• _Your assignment_:
The required output is the exact run of lines below that opens at the line with "Semi-Enclosed Private Lounge Chairs Image 4" and closes at the line with "The Reincarnated Nightingale".

• _Listed records_:
== == ==
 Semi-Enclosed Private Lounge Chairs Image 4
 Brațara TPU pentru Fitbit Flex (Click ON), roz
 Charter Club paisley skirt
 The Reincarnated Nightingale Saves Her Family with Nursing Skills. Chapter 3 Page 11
== == ==
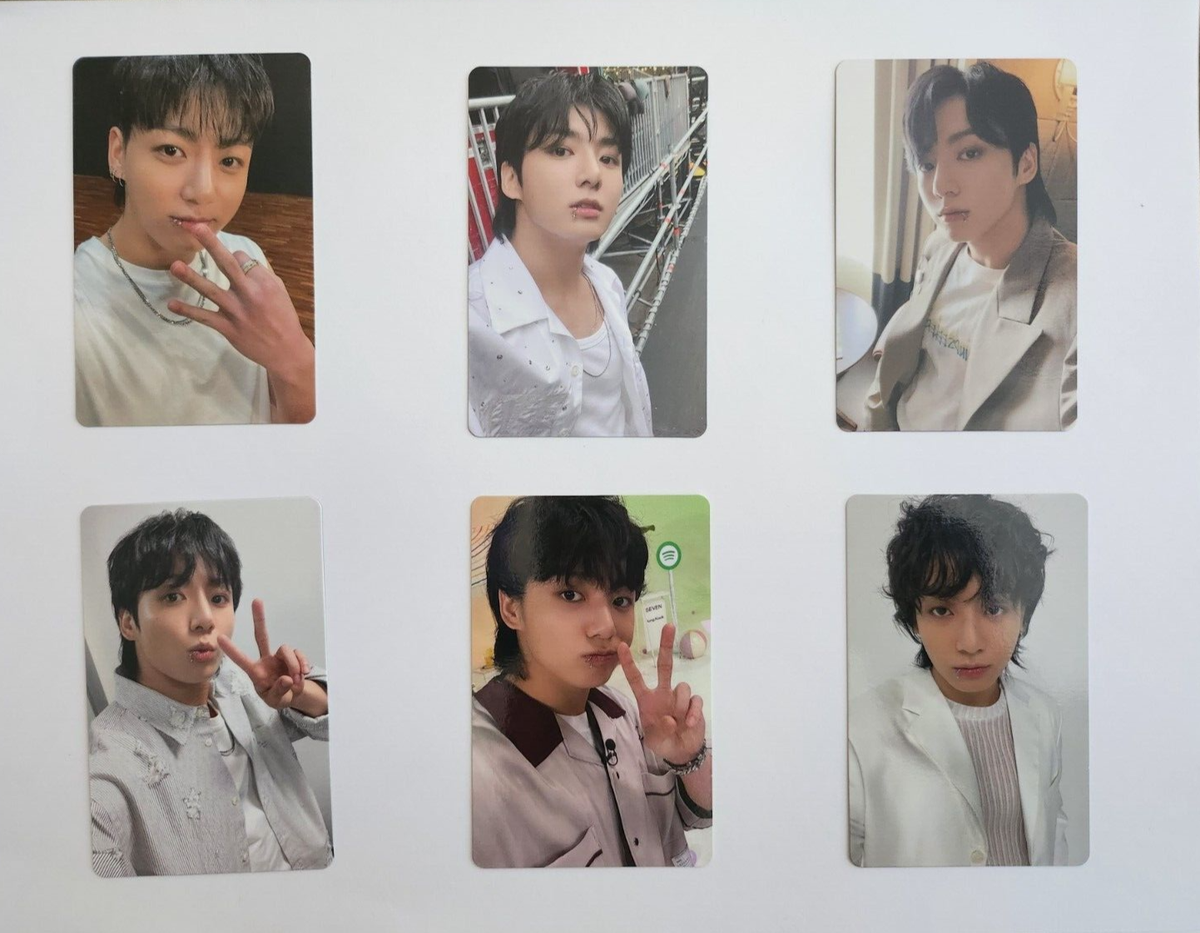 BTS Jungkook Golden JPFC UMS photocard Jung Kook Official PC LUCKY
== == ==
• _Task solution_:
 Semi-Enclosed Private Lounge Chairs Image 4
 Brațara TPU pentru Fitbit Flex (Click ON), roz
 Charter Club paisley skirt
 The Reincarnated Nightingale Saves Her Family with Nursing Skills. Chapter 3 Page 11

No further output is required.